Copyright © by Len Holman, 4/19/12

 

  America’s cities are in disrepair.  Roads are crumbling, bridges cracking, police being laid off, and blocks and blocks of foreclosed homes stand empty and—in many cases—vandalized.  Schools across the country are scrambling to find money to pay for teachers and to fuel buses to carry students to and from class.  School lunch programs and aid to the elderly and disabled are being scaled way back, if not completely dismantled.  Colleges and universities are cutting classes and capping enrollment, and even the homeless are worried about the shortage of cardboard boxes. 

  Every time some politician makes a suggestion, war ensues, complete with the blackest of calumnies, distortions and general verbal and written vituperation.  In the midst of union benefits being scaled back and millionaires being concerned about yacht maintenance, there is this latest money flap: a prostitute in Cartagena, Columbia filed a police report because she hadn’t been paid. This is bad enough because not paying a prostitute is certainly a breach of contract, and once services are rendered, payment must be made.  In some places non-payment can result in the customer visiting the ER—or the morgue.  In this case, the non-payer was a U.S. government employee—either a Secret Service member, a military person, or some mid-level gofer who carries all the clipboards.  Or maybe all of the above. 

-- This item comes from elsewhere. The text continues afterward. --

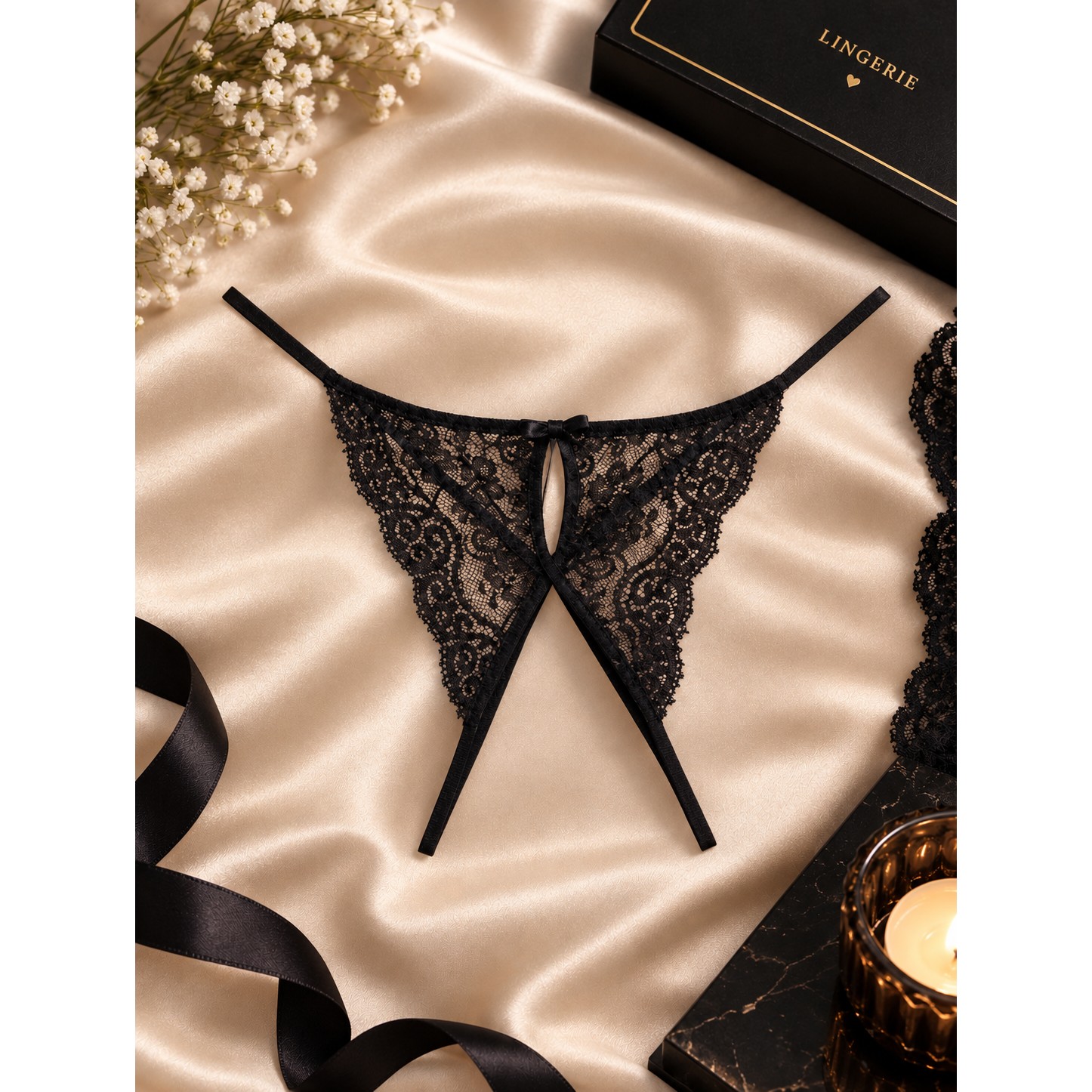 شورت فاق باز زنانه مشکی فانتزی با ارسال رایگان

  The Secret Service was in Columbia to do the set-up preparations for the President’s trip there and now “advance work” has taken on a new meaning.  I’m sure that someone with our government must have explained to the lady that the American economy is going through a rough patch and that the customer was as good for the debt as the American dollar—which she probably didn’t take as very reassuring.  The President, true to his distant and, to the faithful Dems, puzzling and infuriating calmness, pronounced that he would wait for the impending investigation, and—if the charges proved to be true—he would be angry. Wow, angry! 

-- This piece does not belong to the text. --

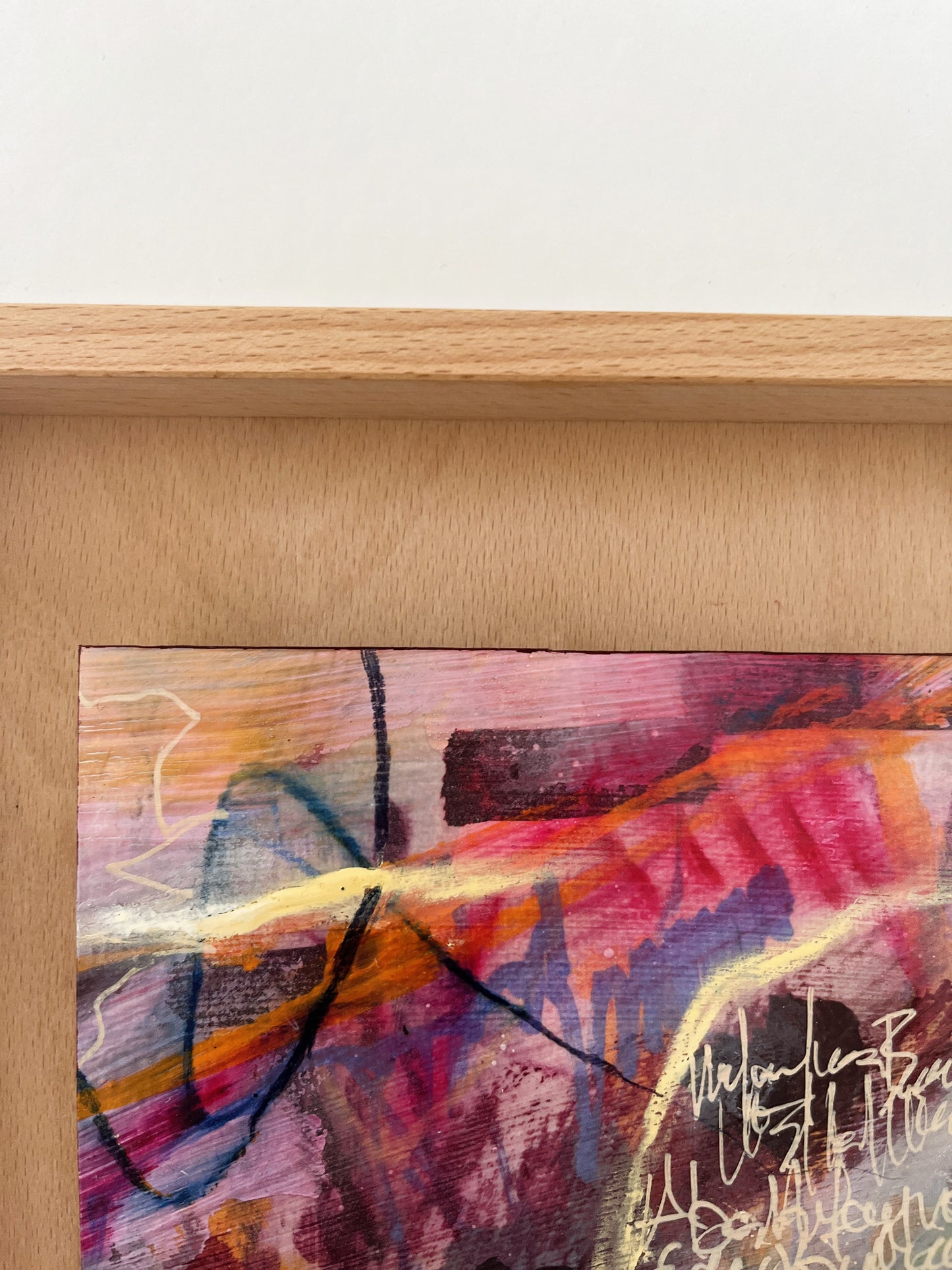 "The Year Unwritten" – mixed media original (framed)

  One wonders if the Secret Service will need a bailout to pay for its indebtedness to Columbian working girls?  Does the Secret Service so underpay its workers that they have to give call girls IOUs?  Where was Clint Eastwood while all this was going on?  The Secret Service wasn’t secret enough, and now everyone knows that the American economy is in such bad shape that a government employee couldn’t afford to pay a brothel worker.  She should have checked the financial news in the New York Times before agreeing to the deal. 

  It’s not that the American economy doesn’t have some money sloshing around in it.  The General Services Administration had a get-together in Vegas and spent some $800,000 and change on stuff like a clown and videos of guys playing ukuleles and gifts like iPods and plenty of booze.  Of course that wasn’t THEIR money, so we are somewhat miffed they spent the taxpayers’ bucks on this.  But the Secret Service?  I mean, it’s sort of like finding out Batman is afraid of the dark or that Maria Callas lip-synched all her operas.    

  If the economy gets any worse, the Secret Service will have to cut back—as the rest of us already have—to one or two ladies per foreign visit.  Maybe they could use coupons from Wal-Mart to pay for services, or some gift certificates from Best Buy—if there are any Best Buy stores left by then.  As a proud American, I am embarrassed to know that our once-proud, and benefit-heavy, government employees can’t even afford to buy a little pleasure once in a while.  Where’s the union in all this?  If a teacher’s union can get nose-job benefits for its members, why couldn’t the Secret Service union negotiate some flesh for ITS members?  The public is being assured that no Presidents were harmed in the making of the prostitutes; that Obama wasn’t even IN Columbia yet, that the men and women of the Secret Service are still willing to take a bullet for the Leader of the Free World. 

  There is outrage in the ranks of conservatives, who suspect that this is just the tip of the iceberg, that the Service is riddled with corruption, laziness, poor judgment, and inefficiency.  They may have confused the Secret Service with Congress, but still…they’re in a tizzy.  Either the American economy needs to get roaring again so the visiting government types can enjoy the night delights of places like Columbia, or we need to give these people credit cards good for a certain amount of tricks, or maybe—because the latest reports have the number of companions brought back to the Hotel Caribe as 20—group discounts.  Economics seems to govern people trying to fill their tanks and buy prostitutes, but not some people who hire clowns and spend their Vegas nights making videos. 

  It’s not an exact science, the experts like to tell us, until gas goes to more than four dollars a gallon or breakfast cereal becomes impossible to buy without taking out a loan—then these same experts confidently tell us, without a pause or hesitation, that it’s all about supply and demand.  Certainly the people who work in the sex industry can attest to this, but to know that there isn’t enough money to fix potholes, but there is to party in Vegas or Columbia is to know that Sen. Ryan’s budget plan will not work because “supply and demand” or “free market forces” or “unrestrained capitalism” is not about theories in academic texts.  It’s about people, and as long as people do what they’ve always done, a democracy is going to have problems doing what NEEDS to be done.  Will fixing the budget mess fix the Secret Service or the GSA?  Probably not, but they DO make for great reading.